## [PROVIDED ENTRIES]
◇ ◇ ◇ ◇ ◇

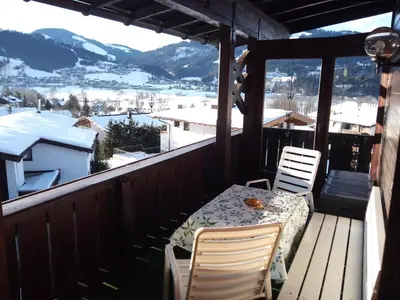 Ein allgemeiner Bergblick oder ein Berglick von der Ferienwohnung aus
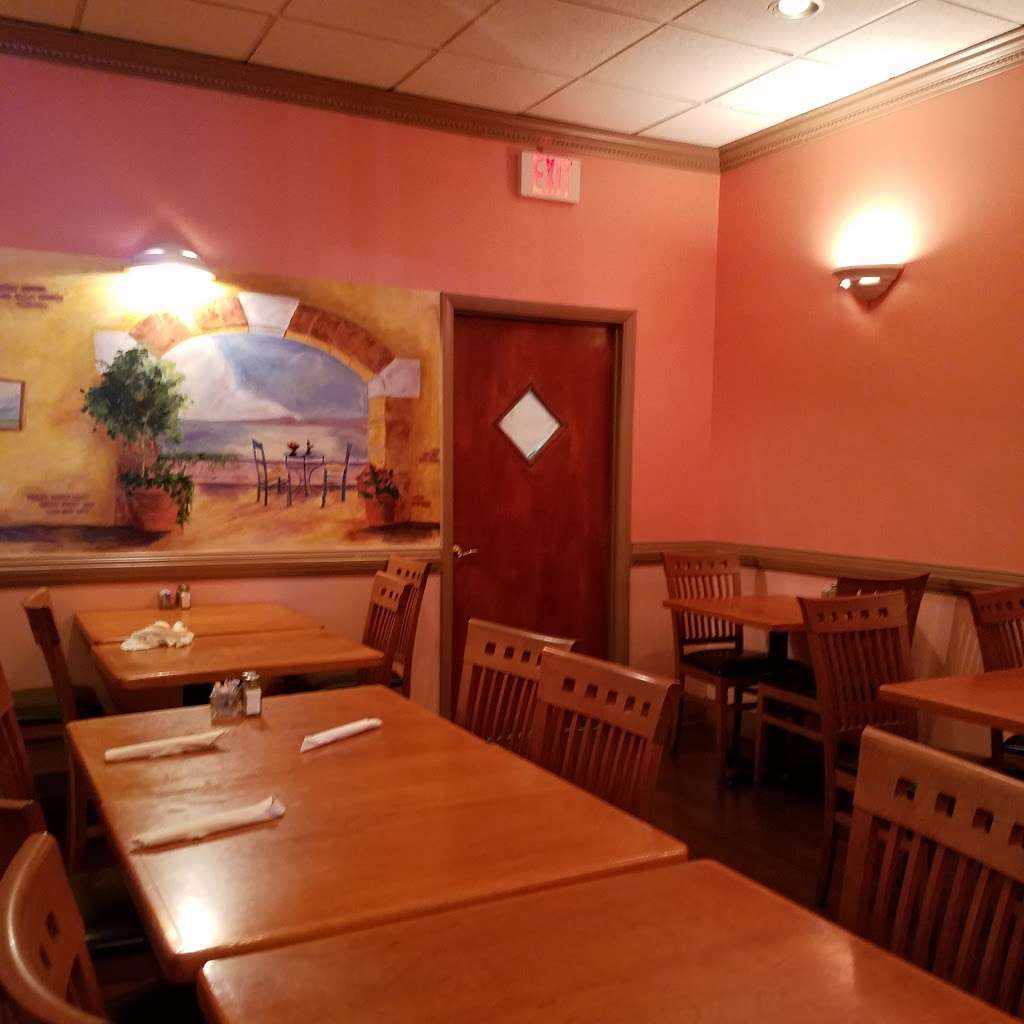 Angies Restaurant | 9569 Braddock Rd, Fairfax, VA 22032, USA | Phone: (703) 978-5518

◇ ◇ ◇ ◇ ◇

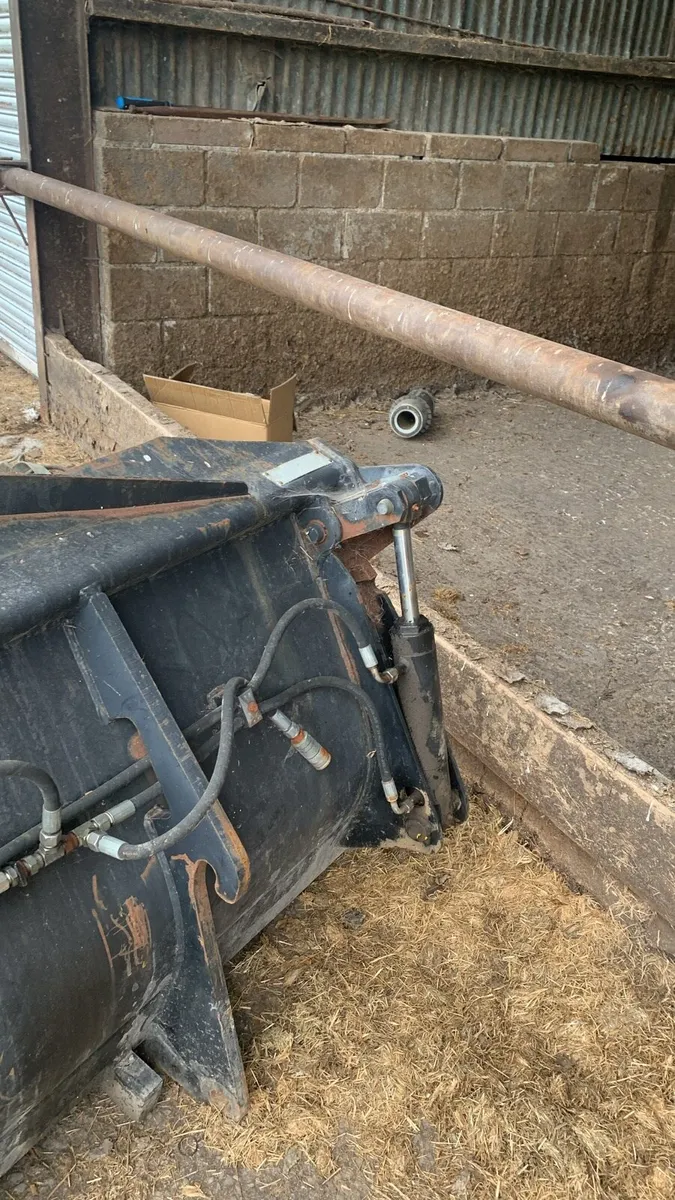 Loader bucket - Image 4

◇ ◇ ◇ ◇ ◇

## [WORK ORDER]
Excluding any pictures, print exactly the lines of the listing above from the line with "Ein allgemeiner Bergblick" to the line with "Angies Restaurant |", both ends included.

## [YOUR RESPONSE]
 Ein allgemeiner Bergblick oder ein Berglick von der Ferienwohnung aus
 Angies Restaurant | 9569 Braddock Rd, Fairfax, VA 22032, USA | Phone: (703) 978-5518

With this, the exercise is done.